Ce récit est parcouru de réminiscences littéraires et musicales.
Toutes proportions gardées, flotte le souvenir primitif des explorateurs de Jules Verne, première lecture initiatique de Julien Gracq. Plus prégnant, le souvenir de « la Chute de la maison Usher » d’Edgar Poe, d’une phrase lue à douze ans : « C’était pourtant dans cet habitacle de mélancolie… », porte ouverte vers l’imaginaire. Autre admiration revendiquée, Wagner : « Un magicien noir – c’est un mancenillier à l’ombre mortelle – des forêts sombres prises à la glu de sa musique ». Une ombre associée ailleurs par l’auteur à la montée du nazisme. Comme en embuscade dans ces admirations derrière Wagner surgit Debussy avec des références explicites à « Pelléas et Mélisande » : un anneau tombé dans une fontaine , et surtout la longue chevelure blonde de l’apparition finale, comme tombée de la tour du « Château d’Argol ». Musical également, l’insidieux traveling de cette voix ensorceleuse de femme, comme une secrète promesse, que l’on suit d’un bout à l’autre de la demeure, reflet d’un cinéma muet expressionniste cher à l’auteur.

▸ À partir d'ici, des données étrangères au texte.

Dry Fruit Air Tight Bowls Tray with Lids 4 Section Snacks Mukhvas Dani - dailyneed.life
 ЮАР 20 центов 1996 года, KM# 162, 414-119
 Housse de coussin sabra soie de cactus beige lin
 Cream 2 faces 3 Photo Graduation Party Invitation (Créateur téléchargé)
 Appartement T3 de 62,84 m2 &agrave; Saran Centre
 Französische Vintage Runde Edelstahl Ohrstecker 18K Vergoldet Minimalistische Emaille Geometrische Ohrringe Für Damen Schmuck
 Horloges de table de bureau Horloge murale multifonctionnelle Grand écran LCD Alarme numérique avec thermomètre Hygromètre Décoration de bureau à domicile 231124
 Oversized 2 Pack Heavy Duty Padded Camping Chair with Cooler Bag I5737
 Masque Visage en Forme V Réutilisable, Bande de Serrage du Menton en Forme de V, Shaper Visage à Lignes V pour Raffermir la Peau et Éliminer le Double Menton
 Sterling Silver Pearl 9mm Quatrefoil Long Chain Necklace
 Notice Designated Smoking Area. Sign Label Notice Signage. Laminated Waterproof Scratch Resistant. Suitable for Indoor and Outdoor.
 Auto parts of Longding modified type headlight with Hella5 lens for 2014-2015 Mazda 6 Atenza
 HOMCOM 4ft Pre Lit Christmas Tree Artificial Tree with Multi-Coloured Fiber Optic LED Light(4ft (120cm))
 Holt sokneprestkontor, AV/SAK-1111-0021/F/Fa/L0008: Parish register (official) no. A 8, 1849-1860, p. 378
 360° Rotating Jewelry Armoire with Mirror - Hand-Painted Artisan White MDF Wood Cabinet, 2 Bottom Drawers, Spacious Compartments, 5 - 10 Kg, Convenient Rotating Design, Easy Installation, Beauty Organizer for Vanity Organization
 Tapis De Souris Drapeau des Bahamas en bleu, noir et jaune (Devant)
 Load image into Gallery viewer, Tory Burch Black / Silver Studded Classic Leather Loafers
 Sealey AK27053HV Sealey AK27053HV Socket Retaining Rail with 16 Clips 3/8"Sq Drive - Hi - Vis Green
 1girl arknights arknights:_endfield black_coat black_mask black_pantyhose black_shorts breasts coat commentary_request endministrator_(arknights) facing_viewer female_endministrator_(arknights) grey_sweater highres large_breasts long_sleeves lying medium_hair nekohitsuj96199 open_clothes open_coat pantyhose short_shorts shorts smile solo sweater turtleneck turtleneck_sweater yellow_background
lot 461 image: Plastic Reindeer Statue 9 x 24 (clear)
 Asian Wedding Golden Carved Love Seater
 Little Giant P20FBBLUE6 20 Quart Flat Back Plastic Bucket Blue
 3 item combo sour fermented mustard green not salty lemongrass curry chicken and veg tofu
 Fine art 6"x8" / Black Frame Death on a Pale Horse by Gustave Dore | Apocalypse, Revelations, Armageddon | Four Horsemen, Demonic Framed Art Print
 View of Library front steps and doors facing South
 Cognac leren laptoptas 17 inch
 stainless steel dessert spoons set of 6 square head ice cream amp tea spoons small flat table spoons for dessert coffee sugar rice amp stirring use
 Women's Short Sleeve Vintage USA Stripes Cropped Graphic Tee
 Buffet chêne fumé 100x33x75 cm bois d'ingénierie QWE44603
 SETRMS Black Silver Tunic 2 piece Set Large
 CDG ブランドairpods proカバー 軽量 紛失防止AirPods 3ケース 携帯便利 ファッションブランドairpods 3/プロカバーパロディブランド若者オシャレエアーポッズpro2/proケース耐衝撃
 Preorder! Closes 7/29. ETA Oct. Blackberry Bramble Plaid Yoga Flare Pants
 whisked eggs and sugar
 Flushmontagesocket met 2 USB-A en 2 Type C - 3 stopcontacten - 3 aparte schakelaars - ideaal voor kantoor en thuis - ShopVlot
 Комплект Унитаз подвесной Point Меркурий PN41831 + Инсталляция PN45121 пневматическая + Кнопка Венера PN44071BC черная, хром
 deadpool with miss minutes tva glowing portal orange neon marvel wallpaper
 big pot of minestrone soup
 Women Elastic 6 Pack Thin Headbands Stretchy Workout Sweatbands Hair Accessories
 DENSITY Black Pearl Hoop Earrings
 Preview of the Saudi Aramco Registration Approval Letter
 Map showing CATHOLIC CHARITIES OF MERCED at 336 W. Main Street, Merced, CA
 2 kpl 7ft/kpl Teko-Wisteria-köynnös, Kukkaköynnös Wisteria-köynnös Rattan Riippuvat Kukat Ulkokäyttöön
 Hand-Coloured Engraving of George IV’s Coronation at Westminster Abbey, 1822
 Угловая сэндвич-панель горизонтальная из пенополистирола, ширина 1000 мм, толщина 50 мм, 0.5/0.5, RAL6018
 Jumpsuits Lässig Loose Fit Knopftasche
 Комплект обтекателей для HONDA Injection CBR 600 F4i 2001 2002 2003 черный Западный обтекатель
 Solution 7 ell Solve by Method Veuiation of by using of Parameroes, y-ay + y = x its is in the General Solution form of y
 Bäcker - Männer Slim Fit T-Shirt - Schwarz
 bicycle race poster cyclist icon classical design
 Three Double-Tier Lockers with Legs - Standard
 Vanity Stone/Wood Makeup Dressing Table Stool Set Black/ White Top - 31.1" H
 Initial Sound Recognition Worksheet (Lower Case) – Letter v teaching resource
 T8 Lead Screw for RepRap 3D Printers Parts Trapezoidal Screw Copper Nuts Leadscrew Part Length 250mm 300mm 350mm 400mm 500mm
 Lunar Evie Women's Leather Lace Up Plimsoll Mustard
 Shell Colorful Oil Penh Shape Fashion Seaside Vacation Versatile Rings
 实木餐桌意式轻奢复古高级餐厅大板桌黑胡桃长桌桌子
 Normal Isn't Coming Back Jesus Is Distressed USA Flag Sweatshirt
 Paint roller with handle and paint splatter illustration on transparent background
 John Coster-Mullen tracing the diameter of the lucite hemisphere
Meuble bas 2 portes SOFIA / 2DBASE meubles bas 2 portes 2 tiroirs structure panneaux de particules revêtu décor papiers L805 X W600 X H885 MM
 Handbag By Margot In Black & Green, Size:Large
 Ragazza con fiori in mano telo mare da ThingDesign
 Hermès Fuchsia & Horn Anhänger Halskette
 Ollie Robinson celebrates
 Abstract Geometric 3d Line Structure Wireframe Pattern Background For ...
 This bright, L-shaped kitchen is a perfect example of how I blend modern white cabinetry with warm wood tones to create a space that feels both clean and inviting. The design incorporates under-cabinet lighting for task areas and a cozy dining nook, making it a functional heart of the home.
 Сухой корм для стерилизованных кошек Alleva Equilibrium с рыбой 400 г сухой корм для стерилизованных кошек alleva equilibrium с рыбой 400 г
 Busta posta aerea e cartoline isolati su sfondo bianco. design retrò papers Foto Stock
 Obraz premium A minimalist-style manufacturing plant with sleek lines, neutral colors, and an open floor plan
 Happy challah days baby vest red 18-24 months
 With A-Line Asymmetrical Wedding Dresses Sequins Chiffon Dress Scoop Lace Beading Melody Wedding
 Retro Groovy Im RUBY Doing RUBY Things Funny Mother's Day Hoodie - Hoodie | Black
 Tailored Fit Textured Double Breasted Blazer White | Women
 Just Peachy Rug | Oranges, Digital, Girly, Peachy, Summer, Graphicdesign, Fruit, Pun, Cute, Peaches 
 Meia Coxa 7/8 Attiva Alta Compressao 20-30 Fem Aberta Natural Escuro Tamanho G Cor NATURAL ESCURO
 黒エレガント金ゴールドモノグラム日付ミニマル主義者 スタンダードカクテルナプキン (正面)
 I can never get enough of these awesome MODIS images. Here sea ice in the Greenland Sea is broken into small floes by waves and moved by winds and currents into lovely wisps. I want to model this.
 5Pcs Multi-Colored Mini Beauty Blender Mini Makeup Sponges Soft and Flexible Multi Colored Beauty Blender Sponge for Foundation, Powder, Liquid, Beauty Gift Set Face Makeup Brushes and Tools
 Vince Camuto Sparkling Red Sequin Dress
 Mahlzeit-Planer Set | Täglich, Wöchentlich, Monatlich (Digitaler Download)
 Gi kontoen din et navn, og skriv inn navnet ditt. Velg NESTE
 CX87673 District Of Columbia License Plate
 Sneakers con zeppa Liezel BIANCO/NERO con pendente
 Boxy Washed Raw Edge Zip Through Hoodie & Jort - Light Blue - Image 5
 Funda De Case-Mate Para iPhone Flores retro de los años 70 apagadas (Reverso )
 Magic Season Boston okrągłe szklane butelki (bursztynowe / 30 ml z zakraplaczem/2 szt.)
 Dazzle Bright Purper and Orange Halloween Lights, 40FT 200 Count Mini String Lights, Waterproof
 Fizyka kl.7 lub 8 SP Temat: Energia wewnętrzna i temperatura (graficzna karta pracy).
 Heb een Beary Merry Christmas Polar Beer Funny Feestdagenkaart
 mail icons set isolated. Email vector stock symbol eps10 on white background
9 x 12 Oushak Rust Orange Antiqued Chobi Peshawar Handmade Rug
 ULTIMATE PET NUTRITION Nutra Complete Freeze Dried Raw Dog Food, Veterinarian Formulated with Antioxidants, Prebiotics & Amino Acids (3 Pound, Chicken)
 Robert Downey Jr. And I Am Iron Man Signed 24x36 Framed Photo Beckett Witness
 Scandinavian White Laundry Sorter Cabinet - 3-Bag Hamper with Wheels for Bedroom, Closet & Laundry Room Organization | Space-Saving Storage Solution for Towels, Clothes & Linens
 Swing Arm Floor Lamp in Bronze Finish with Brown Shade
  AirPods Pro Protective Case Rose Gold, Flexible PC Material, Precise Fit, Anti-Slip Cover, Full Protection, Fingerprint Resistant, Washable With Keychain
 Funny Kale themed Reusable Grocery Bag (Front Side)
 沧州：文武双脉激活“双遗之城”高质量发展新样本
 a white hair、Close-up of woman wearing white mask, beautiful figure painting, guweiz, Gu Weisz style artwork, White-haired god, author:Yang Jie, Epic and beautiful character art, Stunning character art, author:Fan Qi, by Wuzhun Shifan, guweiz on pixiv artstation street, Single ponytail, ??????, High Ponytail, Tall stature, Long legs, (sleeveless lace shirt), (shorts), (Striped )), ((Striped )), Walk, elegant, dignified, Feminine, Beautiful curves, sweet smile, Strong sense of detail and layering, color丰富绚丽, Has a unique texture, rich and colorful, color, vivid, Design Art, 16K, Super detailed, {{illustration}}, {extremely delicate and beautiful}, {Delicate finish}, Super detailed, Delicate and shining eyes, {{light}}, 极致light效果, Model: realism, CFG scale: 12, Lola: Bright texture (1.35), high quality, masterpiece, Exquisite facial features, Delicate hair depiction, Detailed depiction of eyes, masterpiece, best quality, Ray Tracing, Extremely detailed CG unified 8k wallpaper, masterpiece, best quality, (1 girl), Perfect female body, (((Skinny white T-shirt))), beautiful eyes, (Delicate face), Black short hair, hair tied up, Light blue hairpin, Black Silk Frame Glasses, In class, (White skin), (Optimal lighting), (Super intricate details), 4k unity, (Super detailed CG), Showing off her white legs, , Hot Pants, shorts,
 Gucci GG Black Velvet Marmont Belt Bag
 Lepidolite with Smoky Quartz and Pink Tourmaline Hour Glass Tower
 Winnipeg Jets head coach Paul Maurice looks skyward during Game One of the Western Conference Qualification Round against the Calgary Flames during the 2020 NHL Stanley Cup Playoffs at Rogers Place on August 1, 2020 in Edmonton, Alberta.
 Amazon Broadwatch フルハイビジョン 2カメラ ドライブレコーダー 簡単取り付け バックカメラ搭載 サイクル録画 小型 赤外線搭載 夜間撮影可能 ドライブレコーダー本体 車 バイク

C’est dire en quelques lignes la richesse des résonances de ce bref récit, qui renvoie tout membre de la société secrète des lecteurs que se reconnaissait avec gratitude Julien Gracq à un univers singulier et inépuisable, que l’on pourra à l’envi explorer lors de l’exposition « Julien Gracq, la forme d’une œuvre », que la Bibliothèque nationale de France lui consacrera, du 11 juillet au 3 septembre 2023.
On pourra y approcher enfin ses manuscrits, même en sachant que lui-même n’était « pas partisan de faire à l’invité visiter les cuisines ».